Elon Musk: (singing) If you want my body – and you think I’m sexy – come right out and tell me so – do do do do do… (laughing)

Lex Fridman: So good. Okay, serious mode activate. Alright.

Elon Musk: (laughing) Serious mode. Come on, you’re Russian, you can be serious.

Lex Fridman: Yeah, I know.

Elon Musk: Everyone’s serious all the time in Russia. (laughing)

Lex Fridman: Yeah. We’ll get there, we’ll get there. Allow me to say that the SpaceX launch of human beings to orbit on May 30^th, 2020, was seen by many as the first step in a new era of human space exploration. These human spaceflight missions were a beacon of hope to me and to millions over the past two years, as our world has been going through one of the most difficult periods in recent human history. We see the rise of division, fear, cynicism, and the loss of common humanity, right when it is needed most. So, first, Elon, let me say thank you for giving the world hope and reason to be excited about the future.

Elon Musk: (1:32) Oh, it’s kind of you to say that. I do want to do that. Humanity has, obviously, a lot of issues, and people at times do bad things. But despite all that, I love humanity, and I think we should make sure we do everything we can to have a good future and an exciting future, and one that maximizes the happiness of the people.

Lex Fridman: Let me ask about Crew Dragon Demo-2. So, that first flight with humans on board, how did you feel leading up to that launch? Were you scared? Were you excited? What was going through your mind? So much was at stake.

Elon Musk: Yeah, no, that was extremely stressful. No question. We obviously could not let them down in any way. So extremely stressful, I’d say, to say the least. I was confident that, at the time that we launched, that no one could think of anything at all to do that would improve the probability of success. And we racked our brains to think of any possible way to improve the probability of success.

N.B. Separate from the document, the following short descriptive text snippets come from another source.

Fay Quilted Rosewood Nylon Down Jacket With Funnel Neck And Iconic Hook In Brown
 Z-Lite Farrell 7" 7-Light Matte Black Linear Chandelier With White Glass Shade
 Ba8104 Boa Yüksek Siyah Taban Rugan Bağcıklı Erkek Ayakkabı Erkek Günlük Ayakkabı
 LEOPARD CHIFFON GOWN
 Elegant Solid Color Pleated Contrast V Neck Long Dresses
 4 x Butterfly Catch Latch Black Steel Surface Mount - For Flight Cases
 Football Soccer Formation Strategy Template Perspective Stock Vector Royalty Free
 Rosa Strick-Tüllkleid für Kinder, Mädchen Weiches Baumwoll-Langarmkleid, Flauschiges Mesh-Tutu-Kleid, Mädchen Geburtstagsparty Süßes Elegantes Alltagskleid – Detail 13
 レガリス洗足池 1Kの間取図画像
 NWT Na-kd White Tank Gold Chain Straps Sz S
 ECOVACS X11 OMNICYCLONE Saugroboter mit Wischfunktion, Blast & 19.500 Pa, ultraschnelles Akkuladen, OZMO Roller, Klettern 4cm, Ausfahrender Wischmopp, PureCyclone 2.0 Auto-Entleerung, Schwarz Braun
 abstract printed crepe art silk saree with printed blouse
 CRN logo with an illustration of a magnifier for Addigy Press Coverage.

We could not think of anything more, and nor could NASA. And so, that’s just the best that we could do. So then we went ahead and launched. Now, I’m not a religious person, but I nonetheless got on my knees and prayed for that mission.

Lex Fridman: (3:03) Were you able to sleep?

Elon Musk: No.

Lex Fridman: How did it feel when it was a success? First, when the launch was a success and when they returned back home, or back to Earth?

Elon Musk: There was a great relief. Yeah. For high-stress situations, I find it’s not so much elation as relief. I think as we got more comfortable and proved out the systems because we really… you got to make sure everything works. It was definitely a lot more enjoyable with the subsequent astronaut missions. And I thought the Inspiration Mission was actually very inspiring – the “Inspiration4” mission. I’d encourage people to watch the Inspiration documentary on Netflix; it’s actually really good. And it really isn’t… I was actually inspired by that. So that one I felt, I was kind of able to enjoy the actual mission and not just be super stressed all the time.

Lex Fridman: So, for people that somehow don’t know, it’s the all civilian, first time all civilian out to space, out to orbit.

Elon Musk: (4:19) Yeah, it was, I think, the highest orbit that in like, I don’t know, 30 or 40 years or something. The only one that was higher was this one shuttle, sorry, a Hubble servicing mission. And then, before that, it would have been Apollo in 72. It’s pretty wild. So it’s cool. It’s good. I think as a species, we want to be continuing to do better and reach higher ground. I think it would be tragic, extremely tragic, if Apollo was the high watermark for humanity, and that’s as far as we ever got. It’s concerning that here we are 49 years after the last mission to the Moon – so almost half a century. And we’ve not been back. That’s worrying; it’s like, does that mean we’ve peaked as a civilization or what?

So I think we got to get back to the Moon and build a base there, a science base. I think we could learn a lot about the nature of the universe if we have a proper science base on the Moon. We have a science base in Antarctica and many other parts of the world. So that’s what I think the next big thing we’ve got to have like a serious Moonbase. And then get people to Mars and get out there and be a spacefaring civilization.

Lex Fridman: (5:52) I’ll ask you about some of those details. But, since you’re so busy with the hard engineering challenges of everything that’s involved, are you still able to marvel at the magic of it all, of space travel, of every time the rocket goes up, especially when it’s a crewed mission? Or are you just so overwhelmed with all the challenges that you have to solve?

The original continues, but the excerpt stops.